AVAILABLE DATA

# # # # # # #

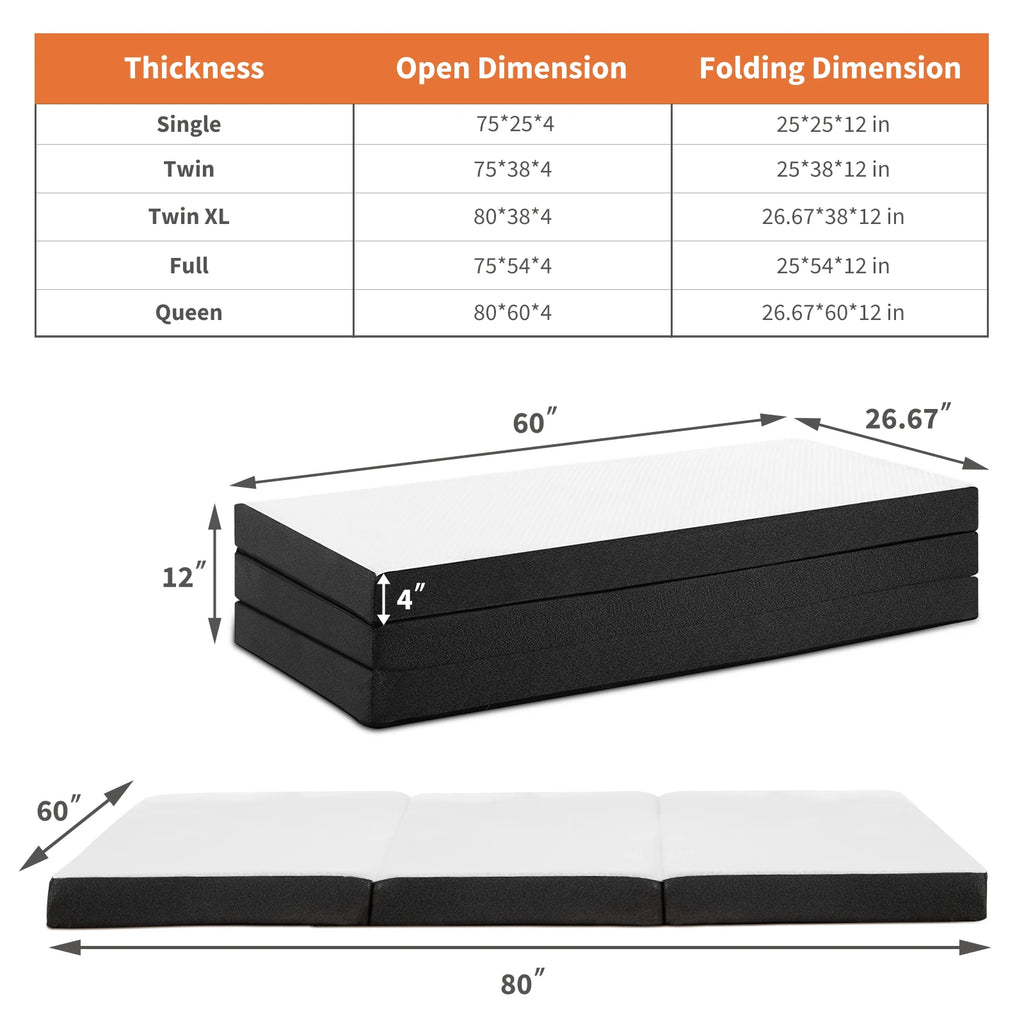 Tri-Fold Memory Foam Mattress.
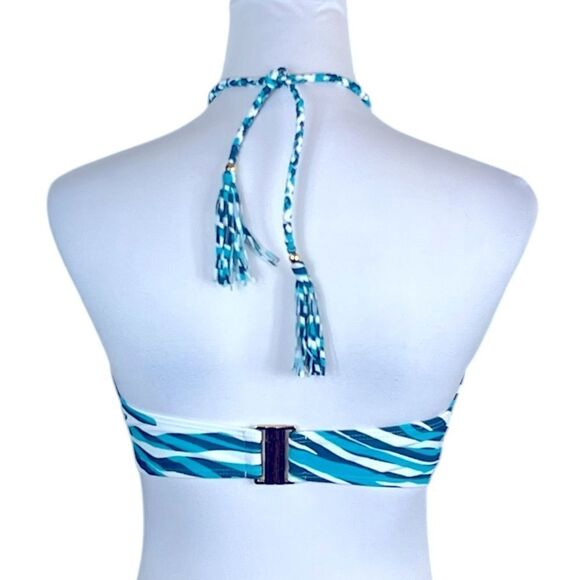Jaclyn Smith Navy And Turquoise Waves Bandeau Swimsuit Top, Size 10 - Picture 3 of 11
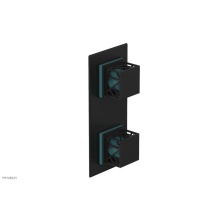Phylrich 4-588/040X049 - Matte Black Jolie Rectangular Thermostatic Trim With Diverter Or Volume Control, Square Cutaway Ha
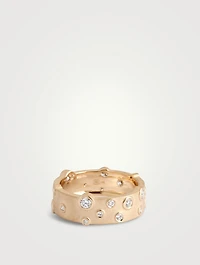 14K Gold Anniversary Cigar Band Ring With Diamonds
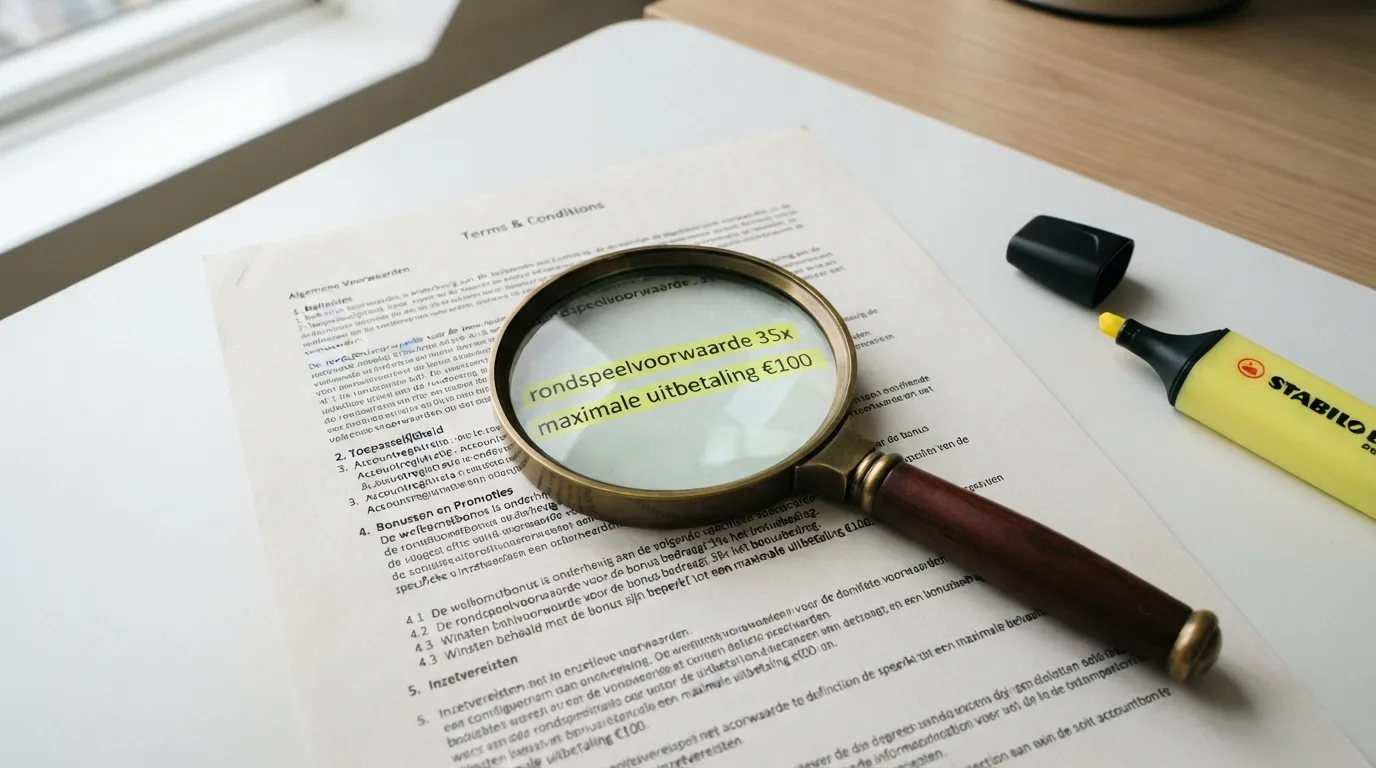 Een vergrootglas over een document met bonusvoorwaarden, waarbij “rondspeelvoorwaarde 35x” en “maximale uitbetaling €100” met markeerstift zijn gearceerd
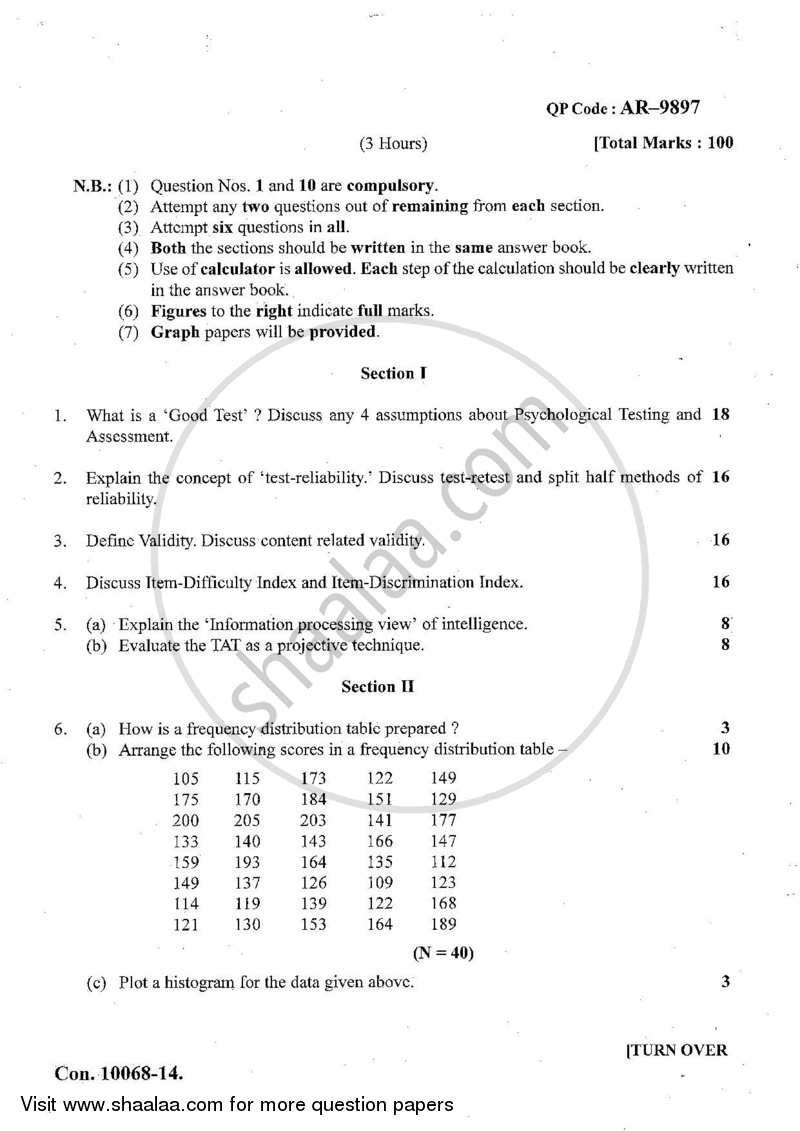 Psychological Testing and Statistics 2013-2014 - B.A. - 3rd Year (TYBA) - University of Mumbai question paper with PDF download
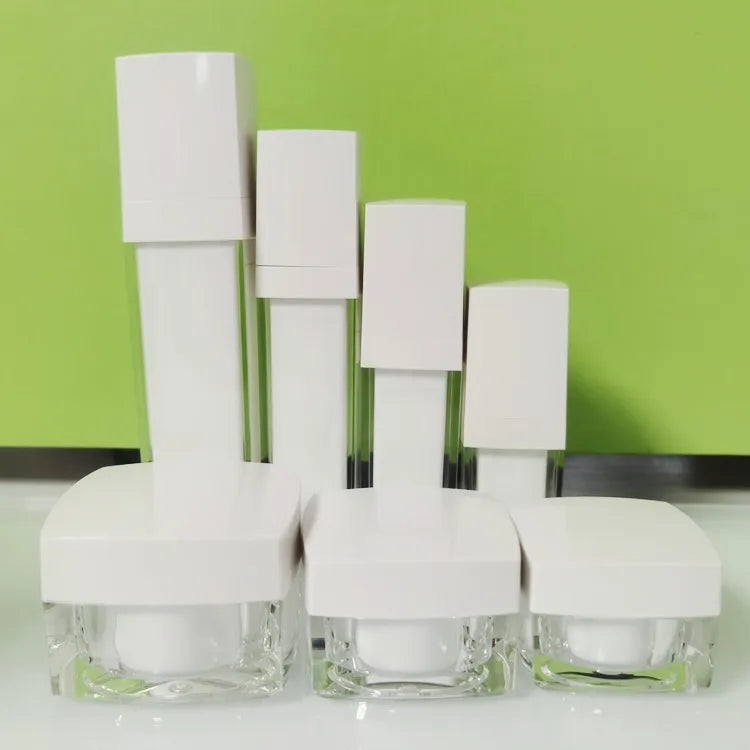 15ml 30ml 100ml 120ml White square Pump Airless 30ml Acrylic White Matte Packaging Bottle in Stock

# # # # # # #

THE PROBLEM
Each record should be printed again precisely, though not its pictures.

SOLUTION TO THIS TASK
 Tri-Fold Memory Foam Mattress.
Jaclyn Smith Navy And Turquoise Waves Bandeau Swimsuit Top, Size 10 - Picture 3 of 11
Phylrich 4-588/040X049 - Matte Black Jolie Rectangular Thermostatic Trim With Diverter Or Volume Control, Square Cutaway Ha
 14K Gold Anniversary Cigar Band Ring With Diamonds
 Een vergrootglas over een document met bonusvoorwaarden, waarbij “rondspeelvoorwaarde 35x” en “maximale uitbetaling €100” met markeerstift zijn gearceerd
 Psychological Testing and Statistics 2013-2014 - B.A. - 3rd Year (TYBA) - University of Mumbai question paper with PDF download
 15ml 30ml 100ml 120ml White square Pump Airless 30ml Acrylic White Matte Packaging Bottle in Stock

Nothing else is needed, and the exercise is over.